Leo’s tail tuft became a casualty of history in the 3rd century B.C., when Egypt was ruled by the pharaoh Ptolemy III and his wife Bernice, who was possessed of legendary beauty—the highlight of which was her long, flowing hair.
During the course of his reign, Ptolemy waged a highly successful war against the Assyrians, and in gratitude for her husband’s safe and victorious return from battle, Bernice cut off her hair and offered the tresses to the goddess Aphrodite. That night, the tresses mysteriously disappeared, much to the consternation of the royal couple.
The court astrologer-astronomer Canon of Samos cleverly explained that the disappearance was because Aphrodite was so pleased with Bernice’s sacrifice that she transported the missing tresses to the starry firmament, so that all of humanity could admire them throughout the ages as the constellation of Bernice’s Hair.
The “hairy” or “tufty” appearance of Coma Bernices to the naked eye is actually due to a loose collection of several-dozen faint stars that form a type of object referred to by astronomers as an open or galactic star cluster. At a distance of 300 light years, the Coma star cluster is one of the nearest such objects to the earth, and as such has merited much observation and study from astronomers.
It is now believed that ages ago, the Coma star cluster was much more compact and contained many more stars. Throughout the millennia, however, the gravitational tidal forces from the massive center of our Milky Way Galaxy have reduced the Coma star cluster to its present status.
If we peer outward through the scattered remnants of what was once a mighty star cluster in the relatively close confines of our own galaxy, we find that the Coma star cluster is merely an overlay for a system of celestial objects that both literally and figuratively stands at the frontiers of contemporary astronomy. The system is called simply the Coma Cluster and is a monstrous array of well over 1,000 galaxies—each one of which is a system of gas, dust and stars comparable in size and mass to our own Milky Way Galaxy.
Astronomers have determined that the Coma Cluster is one of the most remote systems known to science, situated at a distance of some 9 billion light years away. This affords astronomers a significant backward look in time to an era when the universe and its constituents and dynamics were far younger and therefore much closer to our “Big Bang” beginnings.
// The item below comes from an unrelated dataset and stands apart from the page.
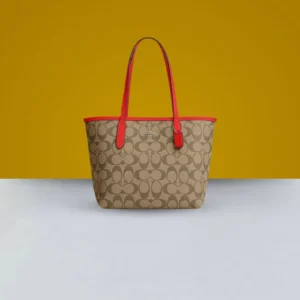 signature city tote bag with og box & dust bag (mustard-red)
Elsewhere in the sky: The planet Mercury is visible as a reddish-orange object to the northwest for about 45 minutes after sunset during the first 10 days of April.
The planet Mars sets about an hour or so after the sun throughout April. The Red Planet passes to the left of the Pleiades star cluster in Taurus during the middle of the month, and forms an attractive pairing with that cluster when viewed through binoculars or a small telescope.
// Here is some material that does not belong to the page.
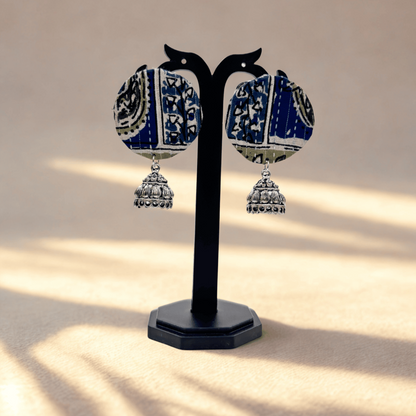 Indigo Folk Jhumka Earrings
The planet Jupiter reaches opposition to the sun on the evening of April 7. On that date, the Planet King will rise at sunset, set at sunrise, and will be visible as a yellowish-white object above and to the left of the fainter bluish Virgo star Spica all night long.
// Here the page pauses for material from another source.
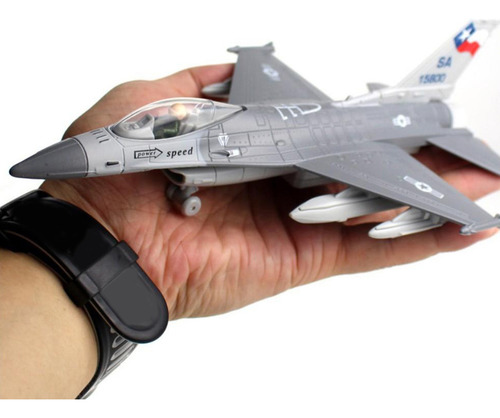 A Modelo De Avión De Aleación Fundido 1/100 F-16 Para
The planet Saturn rises about an hour after midnight and glows as a golden-hued object on the Scorpius-Sagittarius border.
After a seven-month run as an evening “star,” the planet Venus bursts into this month’s morning sky. The Twilight Queen rises less than an hour before sunrise on April 1, but by the end of the month the planet blazes for nearly two hours in the eastern predawn twilight.